Попутно раскрыли несколько преступлений, не имеющих отношения к убийствам в Сахарном ключе. Допрашиваешь, к примеру, подозреваемого в убийстве, «берёшь на понт»:
— Вот вам бумага, ручка… Чистосердечное признание облегчит вашу вину… Учтите: нам всё известно…
Перепуганный гражданин подробно пишет о … краже кирпича со стройки. Или о хищениях краски со склада завода… Колбасы с мясокомбината…
В одном из анонимных писем неизвестный моралист сообщал о преподавателе физкультуры, якобы занимавшемся любовью со школьницами. Такой «учитель» мог быть потенциальным насильником–убийцей. Он отрицал половые связи с девчонками–подростками, но Арсен Марченко принёс милицейские штаны 58‑го размера, пообещал надеть их на него и забросить в камеру к уголовникам.
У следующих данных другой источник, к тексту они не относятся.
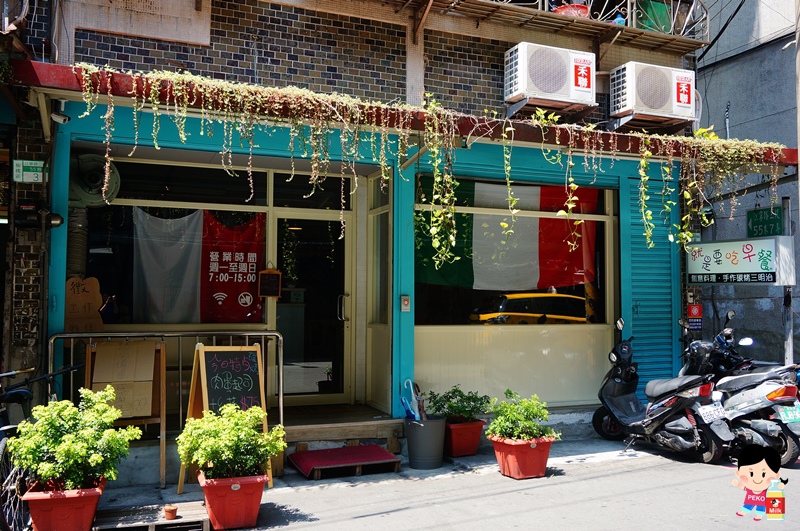 就是要吃早餐.板橋早午餐.不限時板橋早午餐.板橋肉蛋起司.碳烤胖包.熱炒碳烤三明治.板橋美食.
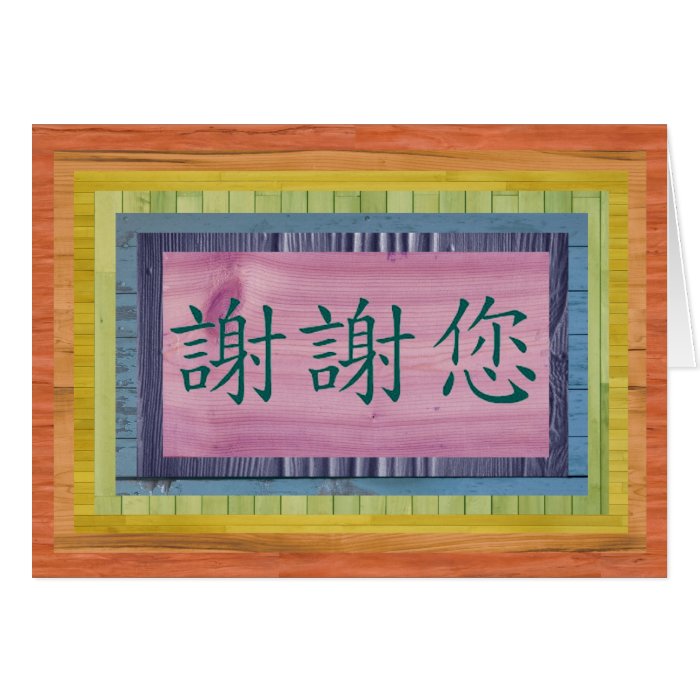 Chinese Thank You Card Zazzle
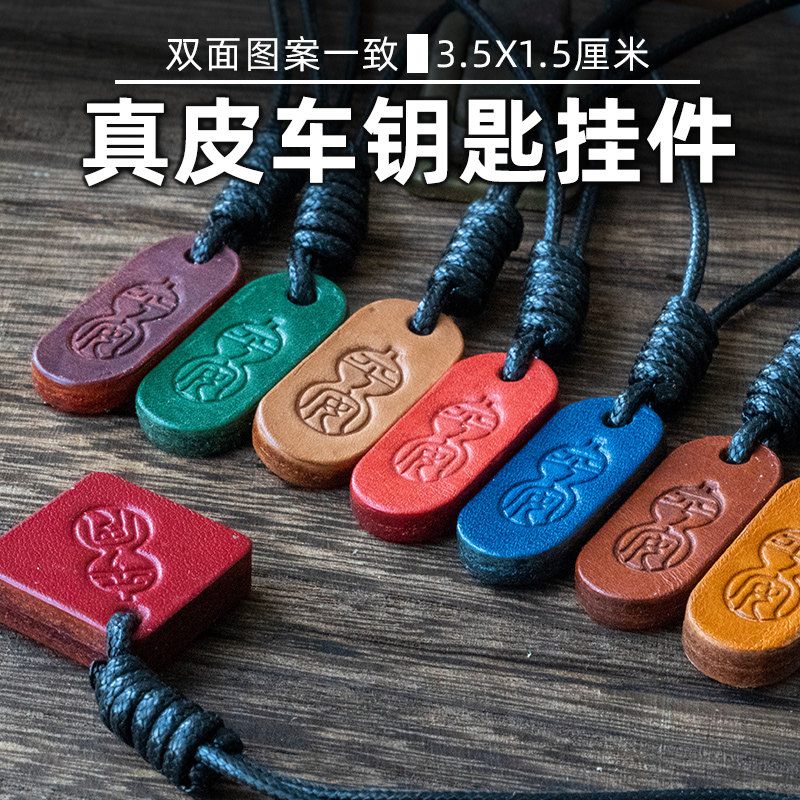 高档头层牛皮钥匙扣挂绳男女士运动绳情侣钥匙挂件平安简约款,服饰配件/皮带/帽子/围巾,钥匙扣,淘宝优惠券,粉丝福利购,淘宝优惠卷
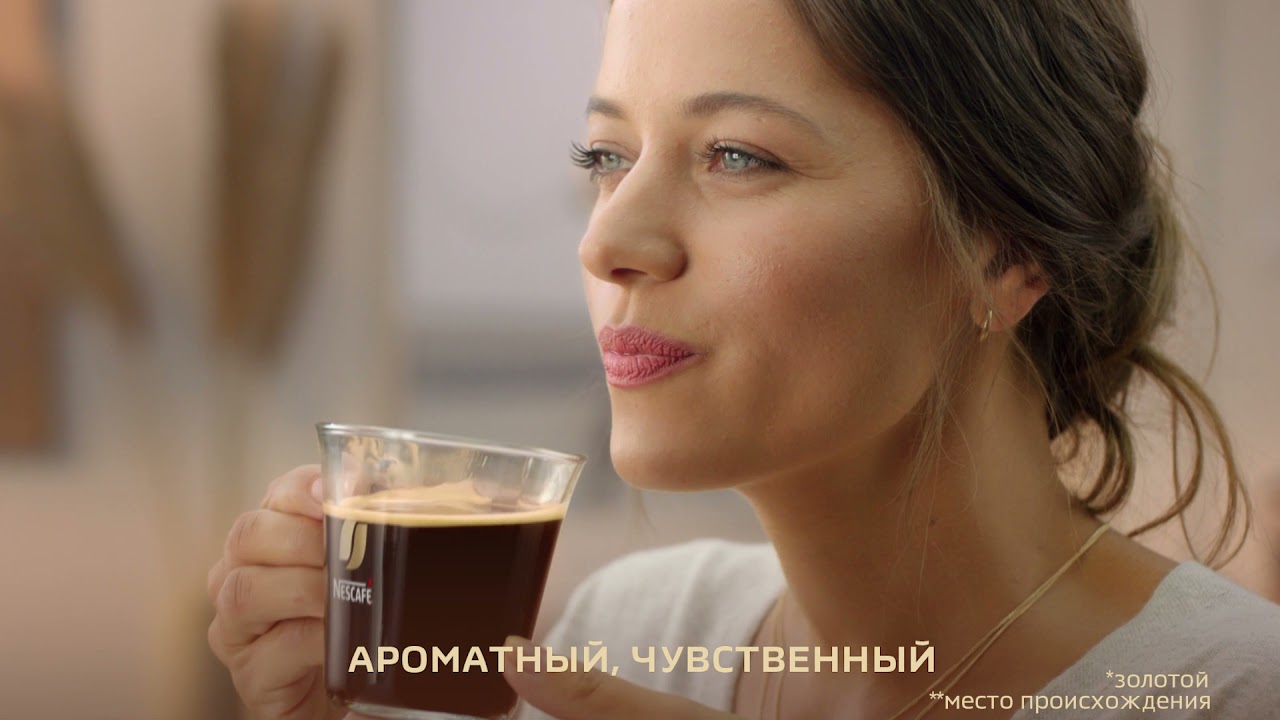 Насладитесь особенными вкусами коллекции кофе Nescaf&eacute; Gold Origins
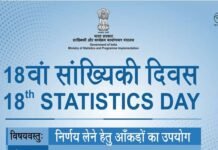 देवप्रयाग महाविद्यालय में 18वें सांख्यिकी दिवस पर अर्थशास्त्र विभाग द्वारा ऑनलाइन गोष्ठी का आयोजन 18th Statistics Day at Devprayag College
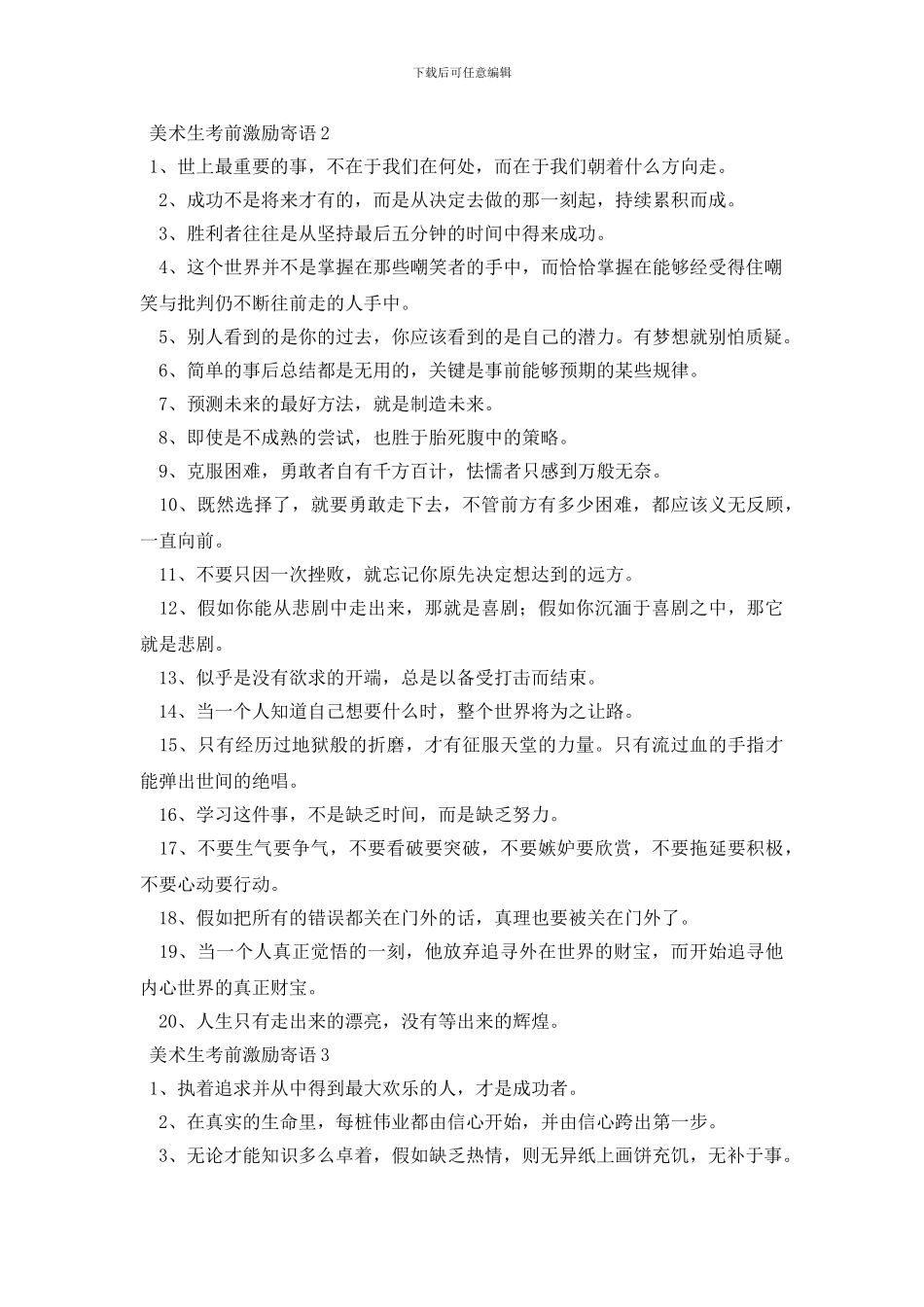 美术生考前激励寄语_第2页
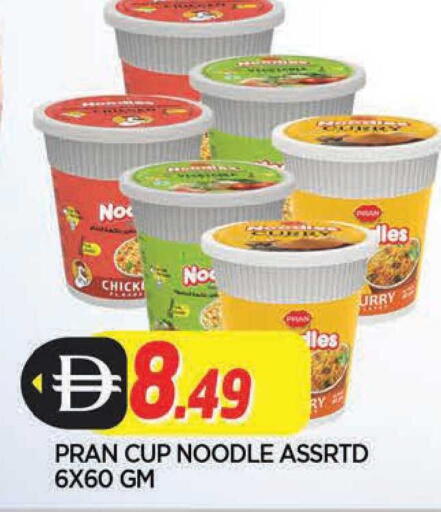 available at المدينة in الإمارات العربية المتحدة , الامارات - الشارقة / عجمان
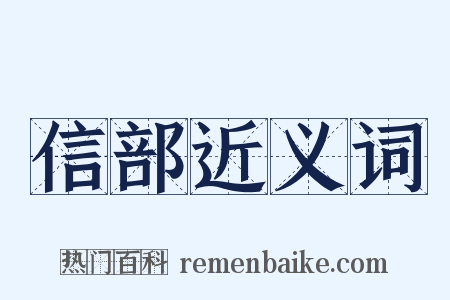 信部近义词是什么意思的图片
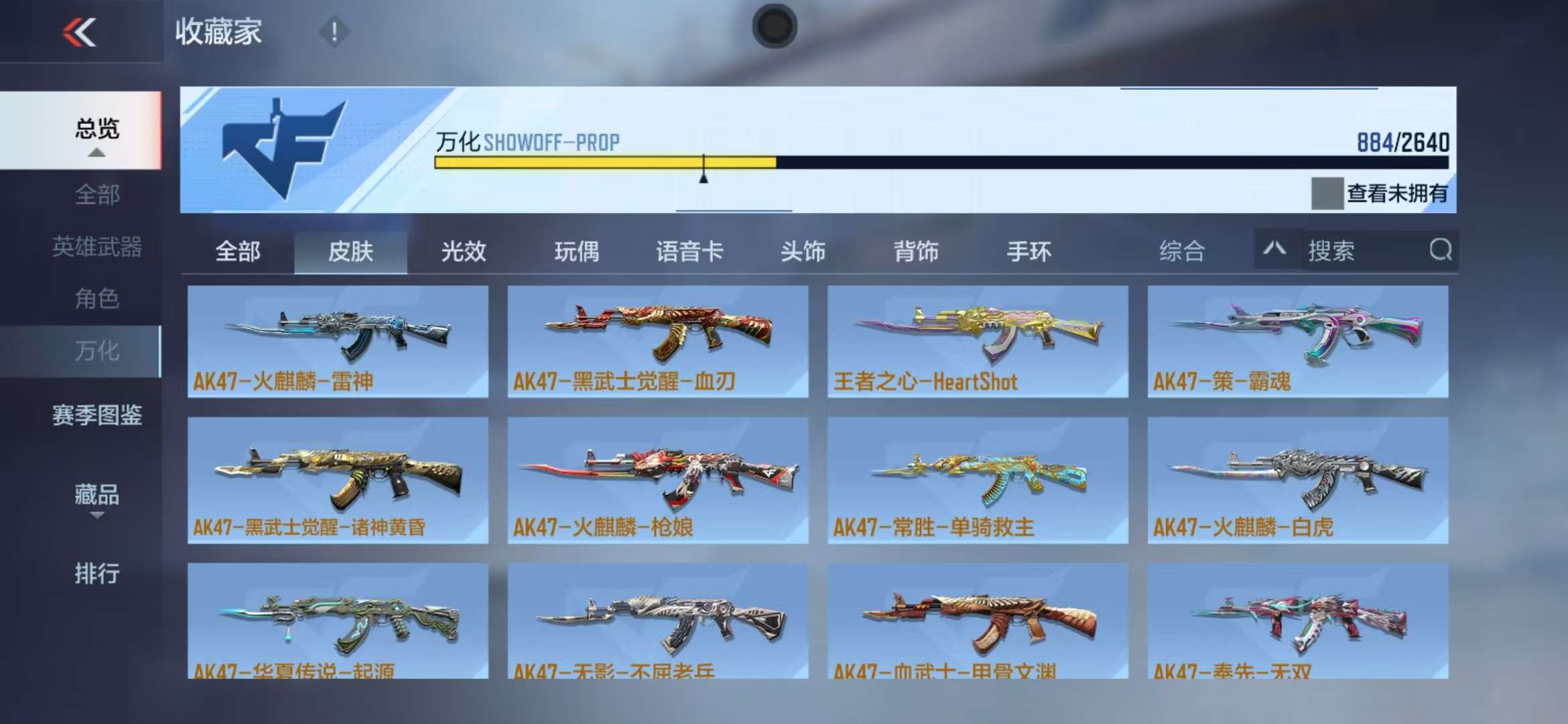 CFMQM38656枪战王者账号详情图185 CFMQM38656枪战王者账号详情图185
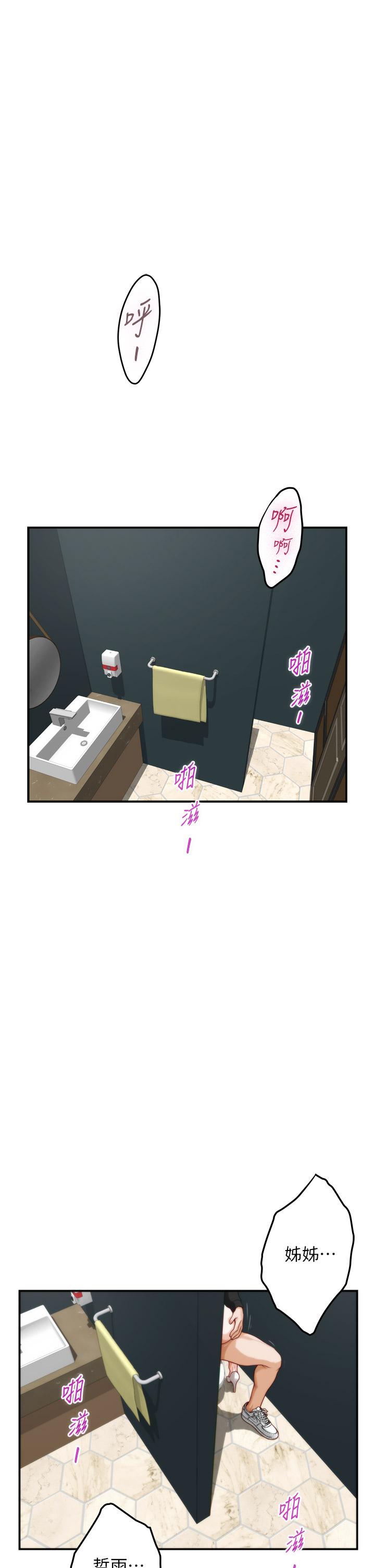 姊姊的房間 停刊兩周公告 第1页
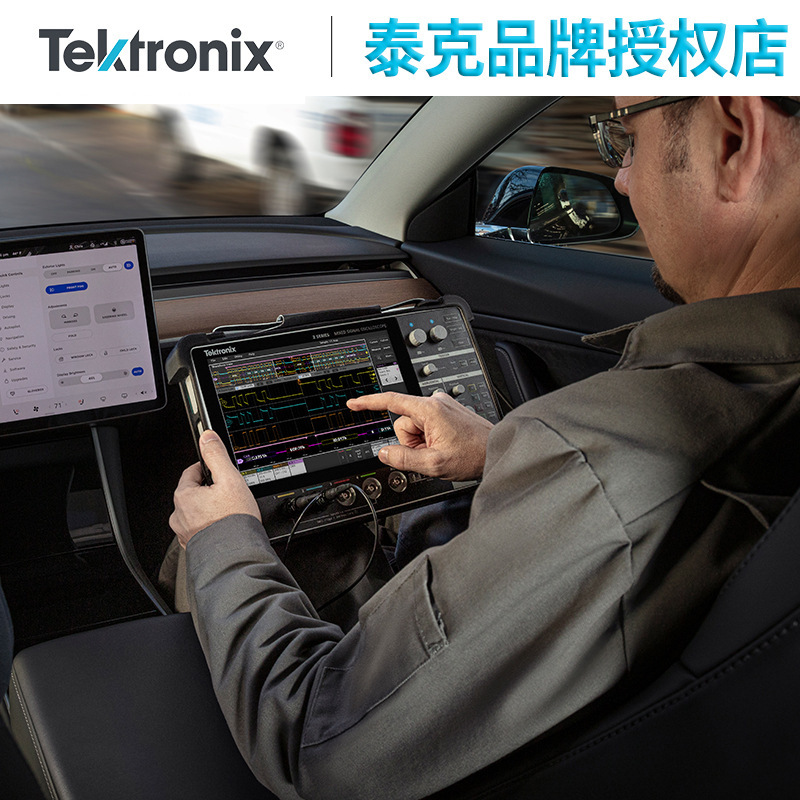 泰克双通道100MHz 2-BW-200示波器MSO22 2-BW-500数字示波器平板
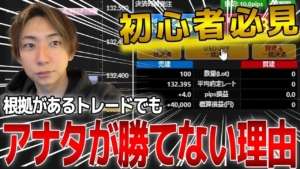 【FX初心者必見】絶対やっちゃダメなトレードとその理由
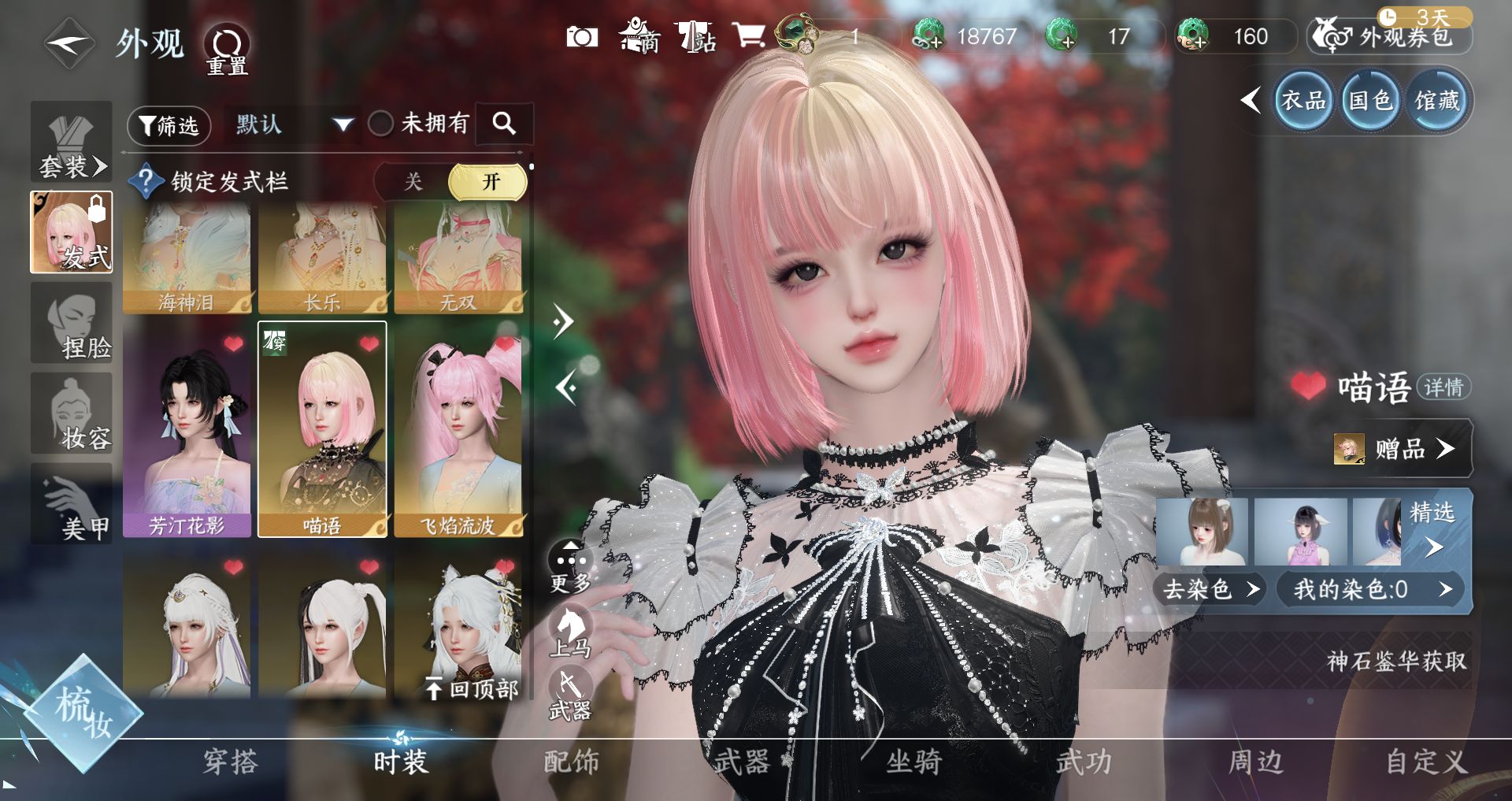 NSHWO46550逆水寒手游账号详情图15 NSHWO46550逆水寒手游账号详情图15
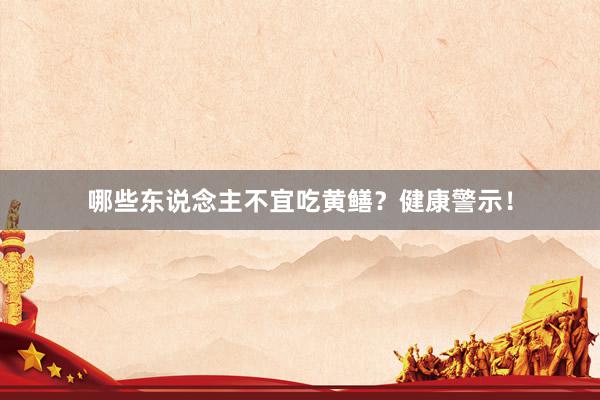 哪些东说念主不宜吃黄鳝？健康警示！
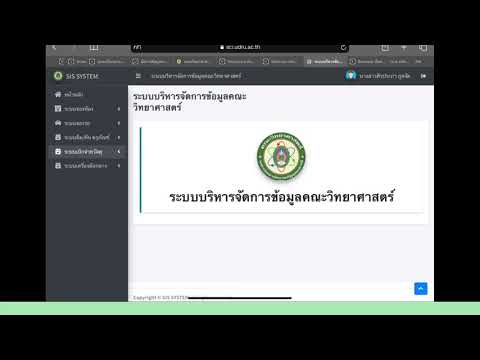 Guide ระบบเบิกจ่ายวัสดุ SIS #SciUDRU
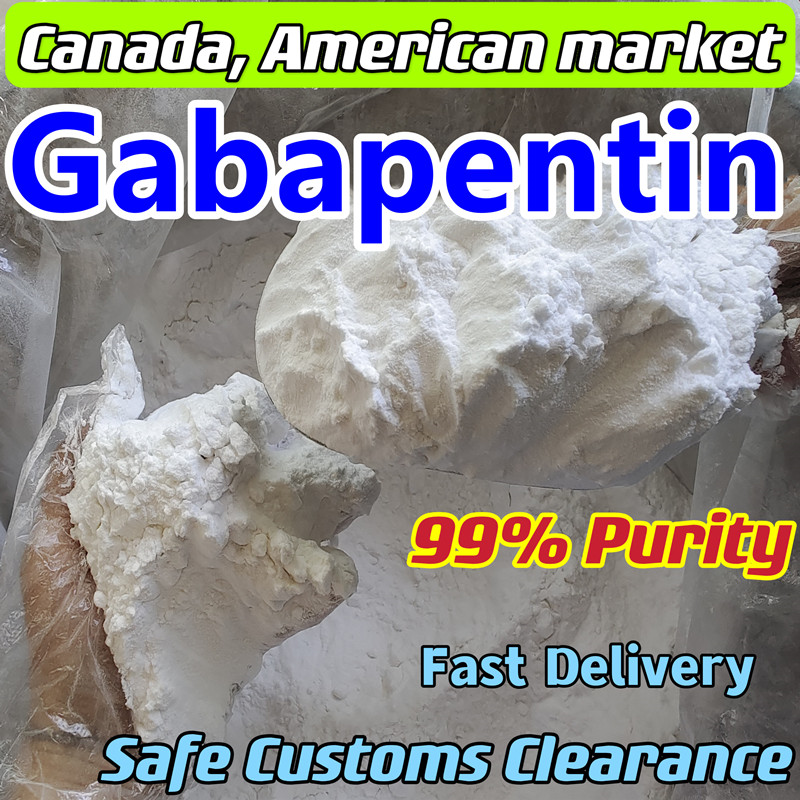 Gabapentin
— Скажем им, что ты бывший легавый… Знаешь, что они с тобой сделают там? Так, что лучше признавайся сам, — примеривая штаны к физкультурнику, сказал Арсен. Я отвернулся к окну, чтобы скрыть смех. Приём со штанами Арсен практиковал часто, и даже самые упорные молчальники сдавались перед их видом.
— Не надевайте на меня эти ужасные штаны… Было дело с одной девятиклассницей… Сама напросилась… А больше ничего… — признался спортсмен.
Под подозрение попал некий аккордеонист из кафе «Лотос». Раскручивали его на причастность к убийствам, а в итоге раскрыли давнишнюю квартирную кражу, совершённую из квартиры тёщи… им самим. Захотелось выпить музыканту — инсценировал кражу собственных вещей. Жене наговорил, что воры обокрали. Та в милицию, настрочила заявление. Работайте, ребята! Ищите жуликов! Вешайте себе очередную «висячку». И вряд ли когда это «тайное» дело стало бы явным, если бы не выезд аккордеониста с девицей на природу, в Сахарный ключ. Там мы его и взяли в момент укладывания девицы на полянке, устланной дубовыми листьями. Перепуганного до смерти аккордеониста поместили в камеру с «подсадной уткой» — агентом. Тот, расписанный татуировками, нагло пинал дверь камеры, обзывал последними словами милиционеров, изображая из себя отпетого уголовника.